As with our other Jambalayas, this dish is assembled quickly, so it’s important to have your ingredients prepared. Makes sure all your vegetables are properly chopped and ready to go. Mushrooms in one bowl; onions, bell pepper, celery, and garlic in another, and the dry spices can be reserved in a third.

Over medium high heat, brown the mushrooms in 2 Tablespoons of the corn oil for about 8 minutes, stirring often to prevent burning. Cook them until all their juices have boiled away, and they begin to brown.

Add onions, celery, bell pepper, garlic, and another Tablespoon of corn oil. Keep stirring until the onions have begun to sweat, then add the rice and toss to coat each grain with some grease to prevent the grains from sticking. Stir in spices, almonds, and Tamari.

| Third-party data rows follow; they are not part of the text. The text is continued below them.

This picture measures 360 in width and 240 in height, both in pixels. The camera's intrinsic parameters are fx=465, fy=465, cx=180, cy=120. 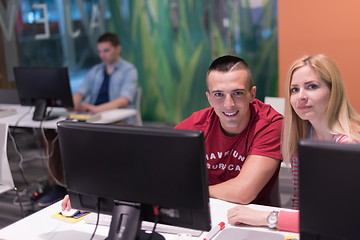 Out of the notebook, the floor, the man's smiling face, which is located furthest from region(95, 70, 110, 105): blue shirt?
the man's smiling face

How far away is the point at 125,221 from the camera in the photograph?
1.71 metres

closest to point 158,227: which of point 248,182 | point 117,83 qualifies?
point 248,182

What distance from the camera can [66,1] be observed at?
22.6 ft

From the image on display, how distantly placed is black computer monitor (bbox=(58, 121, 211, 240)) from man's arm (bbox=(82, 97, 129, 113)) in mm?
2698

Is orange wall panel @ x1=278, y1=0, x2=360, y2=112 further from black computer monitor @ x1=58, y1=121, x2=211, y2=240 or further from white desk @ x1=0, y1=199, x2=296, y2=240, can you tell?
black computer monitor @ x1=58, y1=121, x2=211, y2=240

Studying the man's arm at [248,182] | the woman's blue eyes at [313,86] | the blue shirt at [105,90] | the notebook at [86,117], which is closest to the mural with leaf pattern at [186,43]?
the blue shirt at [105,90]

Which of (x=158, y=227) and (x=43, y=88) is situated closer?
(x=158, y=227)

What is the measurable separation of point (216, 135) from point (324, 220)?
3.66ft

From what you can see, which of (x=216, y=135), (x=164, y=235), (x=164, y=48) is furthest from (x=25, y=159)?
(x=164, y=235)

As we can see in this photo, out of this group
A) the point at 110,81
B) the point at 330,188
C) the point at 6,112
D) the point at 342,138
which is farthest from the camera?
the point at 110,81

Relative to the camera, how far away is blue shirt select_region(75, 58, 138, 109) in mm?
4758

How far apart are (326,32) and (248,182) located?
251 cm

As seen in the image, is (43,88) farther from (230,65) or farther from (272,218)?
(272,218)

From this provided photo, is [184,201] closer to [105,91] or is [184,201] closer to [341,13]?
[341,13] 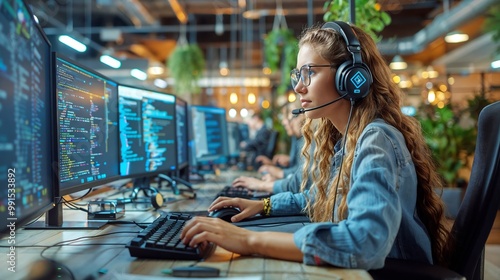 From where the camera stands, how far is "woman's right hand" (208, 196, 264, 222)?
1.60 m

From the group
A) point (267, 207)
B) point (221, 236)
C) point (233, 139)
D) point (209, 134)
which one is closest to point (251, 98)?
point (233, 139)

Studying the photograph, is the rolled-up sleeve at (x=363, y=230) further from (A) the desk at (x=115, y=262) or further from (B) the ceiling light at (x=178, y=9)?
(B) the ceiling light at (x=178, y=9)

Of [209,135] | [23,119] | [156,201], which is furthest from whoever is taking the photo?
[209,135]

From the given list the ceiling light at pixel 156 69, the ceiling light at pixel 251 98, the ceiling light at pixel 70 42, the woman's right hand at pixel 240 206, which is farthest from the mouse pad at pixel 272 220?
the ceiling light at pixel 251 98

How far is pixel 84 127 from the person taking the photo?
1582 mm

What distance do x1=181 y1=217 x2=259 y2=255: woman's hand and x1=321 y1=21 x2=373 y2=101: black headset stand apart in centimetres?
51

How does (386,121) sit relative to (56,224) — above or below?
above

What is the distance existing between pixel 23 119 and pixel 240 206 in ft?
2.75

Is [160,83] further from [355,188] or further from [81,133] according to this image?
[355,188]

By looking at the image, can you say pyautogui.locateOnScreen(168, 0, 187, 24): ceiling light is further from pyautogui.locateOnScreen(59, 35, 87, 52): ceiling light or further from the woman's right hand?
the woman's right hand

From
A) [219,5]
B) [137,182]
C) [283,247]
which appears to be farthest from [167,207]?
[219,5]

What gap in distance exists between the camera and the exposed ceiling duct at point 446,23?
653cm

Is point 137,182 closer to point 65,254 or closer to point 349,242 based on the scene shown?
point 65,254

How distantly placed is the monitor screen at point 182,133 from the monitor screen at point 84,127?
0.91m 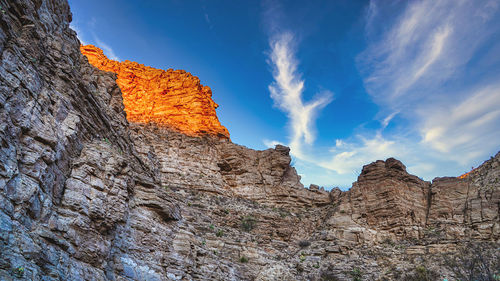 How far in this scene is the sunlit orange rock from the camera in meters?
48.1

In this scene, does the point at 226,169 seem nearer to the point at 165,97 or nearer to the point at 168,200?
the point at 165,97

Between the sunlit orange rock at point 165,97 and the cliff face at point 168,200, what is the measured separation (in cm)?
46

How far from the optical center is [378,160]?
3959 centimetres

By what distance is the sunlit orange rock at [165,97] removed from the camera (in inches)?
1893

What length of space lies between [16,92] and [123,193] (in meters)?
6.22

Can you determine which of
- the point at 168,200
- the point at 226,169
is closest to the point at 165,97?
the point at 226,169

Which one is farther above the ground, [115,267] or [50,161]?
[50,161]

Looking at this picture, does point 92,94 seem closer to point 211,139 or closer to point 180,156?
point 180,156

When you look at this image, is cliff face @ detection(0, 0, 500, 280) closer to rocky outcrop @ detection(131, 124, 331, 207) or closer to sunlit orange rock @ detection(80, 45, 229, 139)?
rocky outcrop @ detection(131, 124, 331, 207)

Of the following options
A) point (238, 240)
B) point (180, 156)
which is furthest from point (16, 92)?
point (180, 156)

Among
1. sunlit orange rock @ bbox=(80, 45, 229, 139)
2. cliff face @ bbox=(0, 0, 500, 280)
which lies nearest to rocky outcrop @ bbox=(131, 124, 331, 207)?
cliff face @ bbox=(0, 0, 500, 280)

Add broth, tomatoes and beans, and bring to a boil. If you cover the pot, it will quicken the process, but you’ll want to open it up, check on it, and stir occasionally. Once it has come to a boil, reduce the heat to the minimum to keep it simmering, then cook for 15 minutes. Pull it off the heat, and let the residual heat keep steaming the rice for 5-8 minutes.

Stir and test the rice. If it needs a few more minutes, let it sit; else serve immediately.

Notes

Blue Diamond brand smokehouse almonds are wonderfully gluten-free and vegan. Our brand of Tamari is likewise gluten-free (standard soy sauce is not). We worried that the almonds would soften in the heating of the dish, but one of the features our testers particularly liked was the crunchiness they added even when the dish was prepared ahead of time and reheated onsite.

The observant will notice that this Jambalaya takes more broth than our others. That’s probably because the almonds are absorbing some liquid, and there are no meat juices sweating into the dish.

Suggestions

We were expecting the dish to be bland with plain rice and were prepared to substitute smoked basmati. Our testers disagreed: converted rice is fine for this dish, so save the smoked basmati for something really special.